▶ **Requirement**: From the line containing "A man and a" through the last line of the entries below, print each line exactly. Pictures stay out.

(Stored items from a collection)
-- Opening Marker --

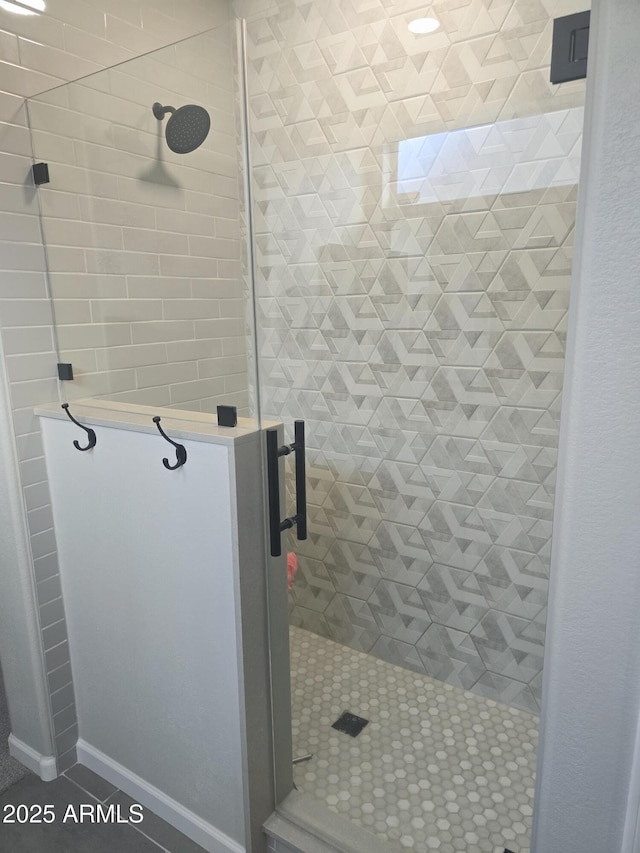 bathroom featuring a stall shower and tile patterned flooring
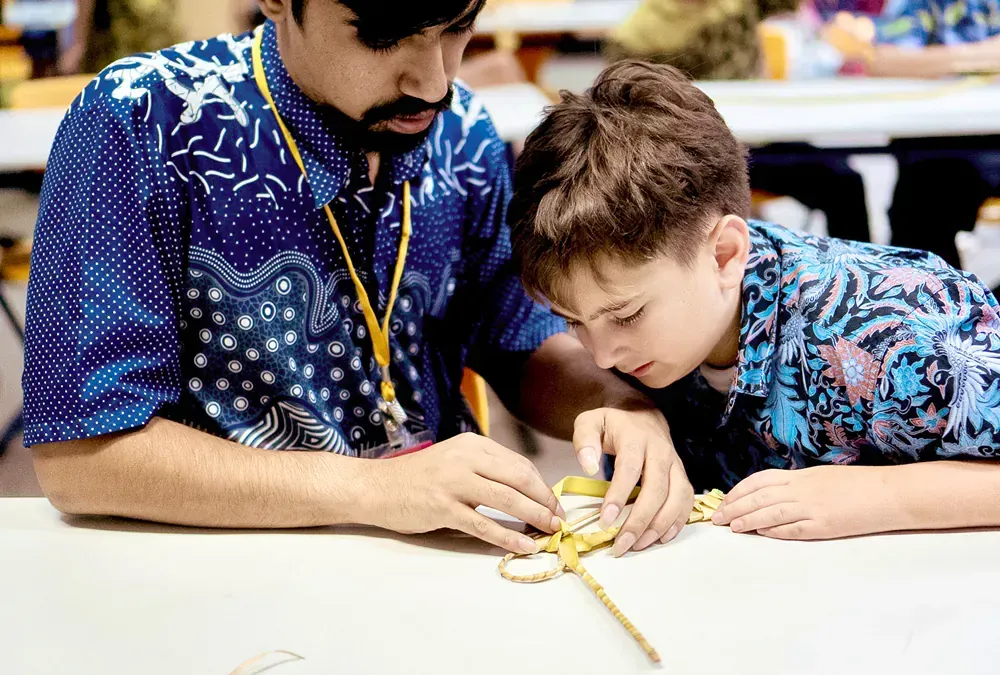 A man and a boy are sitting at a table working on a project.
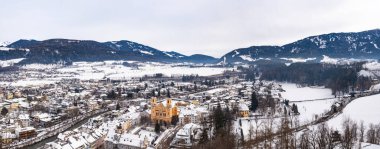Wide panoramic aerial view of Brunico (Bruneck), South Tyrol, Italy in the winter. clipart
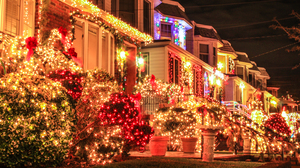 View of row of houses heavily decorated with colorful Christmas lights.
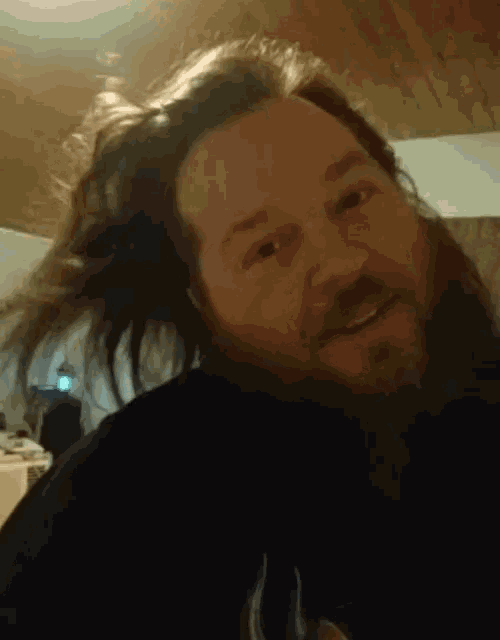 a man with a beard and long hair looks at the camera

-- Closing Marker --

▶ **Reply to the exercise**:
 A man and a boy are sitting at a table working on a project.
Wide panoramic aerial view of Brunico (Bruneck), South Tyrol, Italy in the winter. clipart
 View of row of houses heavily decorated with colorful Christmas lights.
 a man with a beard and long hair looks at the camera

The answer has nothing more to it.